I'm going through a proof in Monson's Statistical Digital Signal Processing and Modelling on page 98. They used the substitution $k=n-m$ in order to change the double summation into a single summation. I was hoping someone could show the steps in going from one step to the next.
$$\sum_{n=-N}^N\sum_{m=-N}^N r_x(n-m)e^{-j\omega (n-m)}=\sum_{k=-2N}^{2N} (2N+1-|k|)r_x(k)e^{-j\omega (k)}$$
I already asked my professor who said to look at the values of $n$ in $(-N,N)$ that makes $m=n-k$ fall outside the interval $(-N,N)$ for different values of $k=-2N,...2N$. Although that might be helpful for him to rationalize the step, it is not rigorous and lacks anyway of doing it again without reverse engineering it. I would really be grateful for any guidance here.

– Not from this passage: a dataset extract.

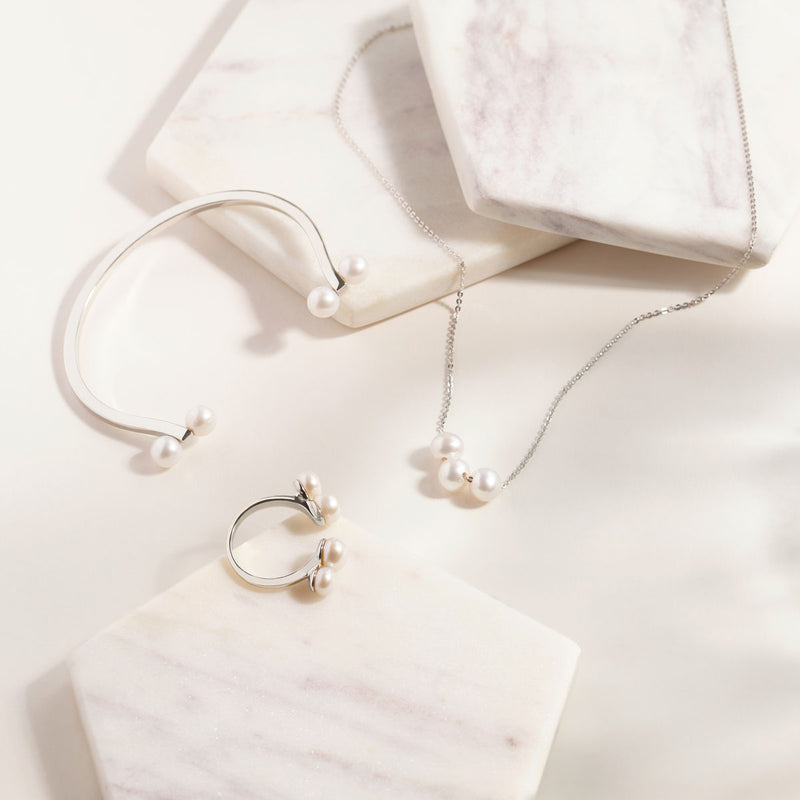 The Mother of Pearl set in White Gold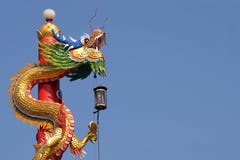 Китайская статуя дракона с предпосылкой голубого неба стоковое фото rf Китайская статуя дракона с предпосылкой голубого неба стоковое фото rf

But it is rigorous, just tedious. Unfortunately, the standard notation that makes this explicit gives square brackets two different meanings. With $[a]b$ denoting the coefficienf of $a$ in $b$ and $[p]$ denoting the truth-value as an integer of a proposition $p$, each $k$ from $-2N$ to $2N$ inclusive satisfies$$\begin{align}\left[r_x(k)e^{-j\omega(k)}\right]\left[\sum_{mn}r_x(n-m)e^{-j\omega(n-m)}\right]&=\sum_{mn}[n-m=k]\\&=\sum_m[-N-k\le m\le N-k]\\&=\min\{N-k,\,N\}-\max\{-N-k,\,-N\}+1\\&=2N+1-|k|.\end{align}$$In particular, the last $=$ is trivial for $k=0$, and switching to any nonzero $k$ will reduce the $\min$ by $|k|$ if $k>0$ or increase the $\max$ by $|k|$ if $k<0$.